Die atmosphärische Dichte von "Misfits" und manchen anderen der früheren Erzählungen erreichen Millers späte Storys nicht mehr; sie wirken konstruierter und programmatischer und geben auch der in Millers Erzählungen ohnehin spürbaren Neigung, die Bedeutung des Geschehens eindeutiger zu benennen, als dies nötig wäre, allzu bereitwillig nach. Aber auch hier folgt Miller seiner Überzeugung, dass Kunstwerke, wie es in der anrührenden Erzählung "Unansehnliche Frau, ein Leben" heißt, jenseits ihrer historisch-politischen Anlässe ihre "eigene Spiritualität" schaffen müssen, und das gelingt ihm bei der Mehrzahl seiner Erzählungen außerordentlich gut. Ich denke, dass ihre Eigenschaft, gleichsam Kapitel der inneren Biographie des Autors und Medien seiner seelisch-geistigen Selbstverständigung zu sein, erheblich dazu beiträgt, ihnen ihre andauernde Intensität zu sichern. Manche der späteren Erzählungen legen auch über die in einem langen Leben enttäuschten politischen Hoffnungen und Irrtümer dieses großen sozialkritischen Dichters Rechenschaft ab, dem aber keine politische Desillusionierung die Liebe zu den Menschen, von denen jede dieser Geschichten kündet, hat austreiben können.
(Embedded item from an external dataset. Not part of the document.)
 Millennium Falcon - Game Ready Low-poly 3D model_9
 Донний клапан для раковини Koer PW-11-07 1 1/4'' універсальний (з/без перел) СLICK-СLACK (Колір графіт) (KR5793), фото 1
Arthur Miller, der heute vor hundert Jahren in Harlem, New York City, geboren wurde, ein Klassiker also? Als Dramatiker sowieso. Aber seine Erzählungen bieten doch auch eine ganz vorzügliche Möglichkeit, ihn kennenzulernen und ihm auf manchmal erstaunlich persönliche Weise nahezukommen.
ERNST OSTERKAMP
Arthur Miller: "Presence". Sämtliche Erzählungen.
Aus dem Amerikanischen von Uda Strätling. S. Fischer Verlag, Frankfurt am Main 2015. 414 S., geb., 22,99 [Euro].